When Is Debt Dangerous?
Debt and other liabilities become risky for a business when it cannot easily fulfill those obligations, either with free cash flow or by raising capital at an attractive price. If things get really bad, the lenders can take control of the business. However, a more frequent (but still costly) occurrence is where a company must issue shares at bargain-basement prices, permanently diluting shareholders, just to shore up its balance sheet. By replacing dilution, though, debt can be an extremely good tool for businesses that need capital to invest in growth at high rates of return. The first thing to do when considering how much debt a business uses is to look at its cash and debt together.
View our latest analysis for JAKKS Pacific
What Is JAKKS Pacific's Net Debt?
You can click the graphic below for the historical numbers, but it shows that JAKKS Pacific had US$67.2m of debt in December 2022, down from US$95.5m, one year before. However, it does have US$85.3m in cash offsetting this, leading to net cash of US$18.1m.

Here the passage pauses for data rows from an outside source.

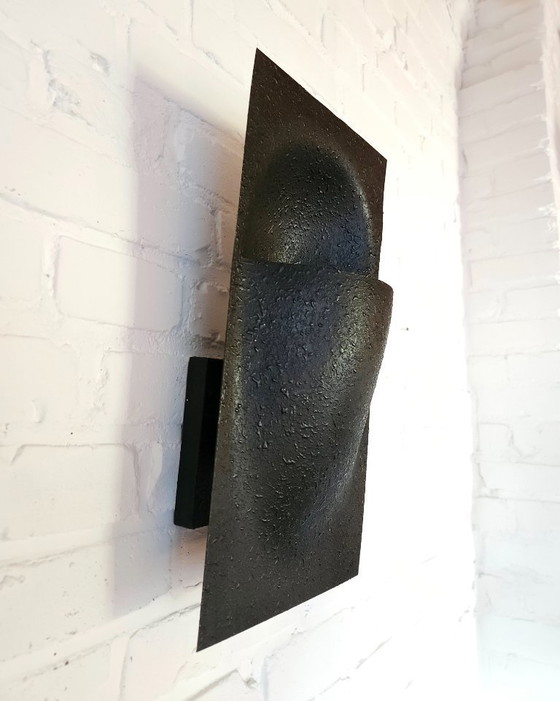 Image 1 of Raak 'Balance' wall lamp, Bertrand Balas metal lamp, 60s lamp, Space age wall lamp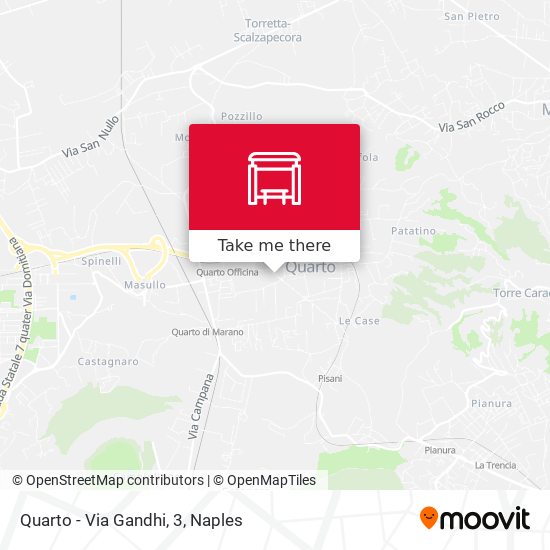 Quarto - Via Gandhi, 3 map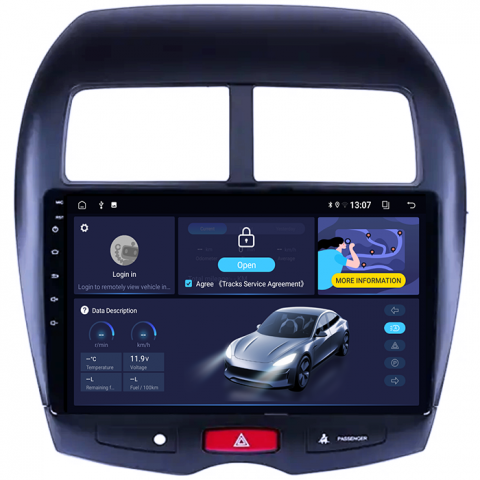 (Resigilata) Navigatie dedicata Peugeot 4008, 2GB RAM 32GB ROM, Quad Core, Display 9" IPS Full HD, Carplay, Android 13, Bluetooth, Magazin Play, Suport camere AHD [8]
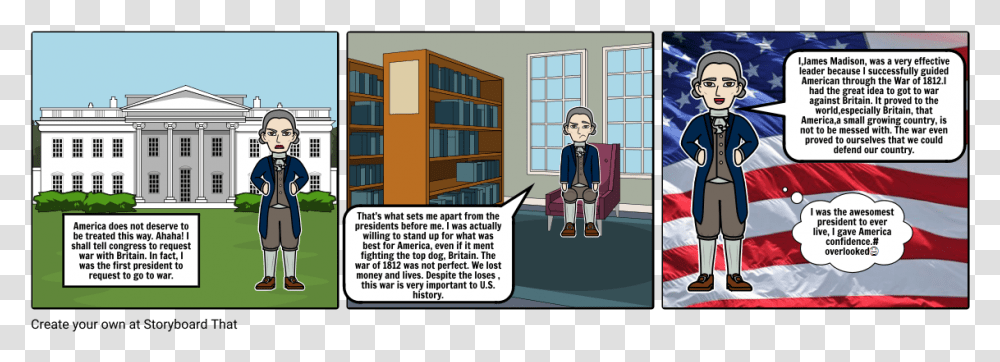 James Madison The Best President Comic, Person, Furniture, Book, Room Transparent Png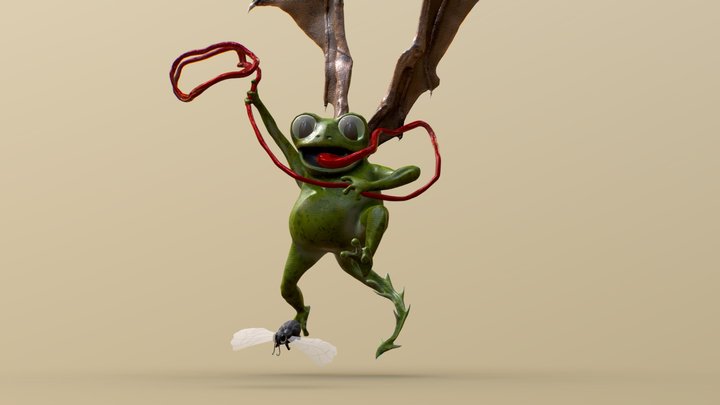 Frog 3D Model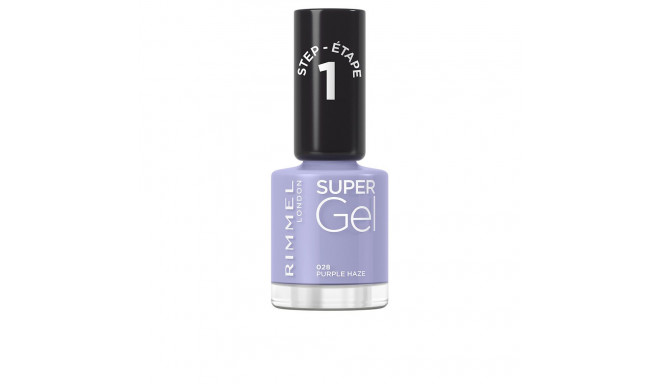 RIMMEL LONDON SUPER GEL esmalte de uñas #028-purple haze 12 ml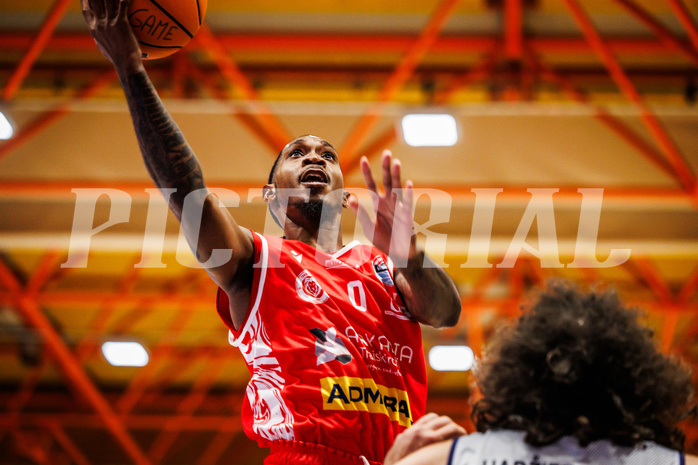 Basketball, win2day Basketball Superliga 2024/25, Grunddurchgang Runde 7, BBC Nord Dragonz, Traiskirchen Lions, Cedric Russell (0)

A Look At JAKKS Pacific's Liabilities
The latest balance sheet data shows that JAKKS Pacific had liabilities of US$177.8m due within a year, and liabilities of US$76.3m falling due after that. On the other hand, it had cash of US$85.3m and US$105.0m worth of receivables due within a year. So its liabilities outweigh the sum of its cash and (near-term) receivables by US$63.9m.
JAKKS Pacific has a market capitalization of US$209.5m, so it could very likely raise cash to ameliorate its balance sheet, if the need arose. But it's clear that we should definitely closely examine whether it can manage its debt without dilution. Despite its noteworthy liabilities, JAKKS Pacific boasts net cash, so it's fair to say it does not have a heavy debt load!
Importantly, JAKKS Pacific grew its EBIT by 58% over the last twelve months, and that growth will make it easier to handle its debt. There's no doubt that we learn most about debt from the balance sheet. But ultimately the future profitability of the business will decide if JAKKS Pacific can strengthen its balance sheet over time. So if you're focused on the future you can check out this free report showing analyst profit forecasts.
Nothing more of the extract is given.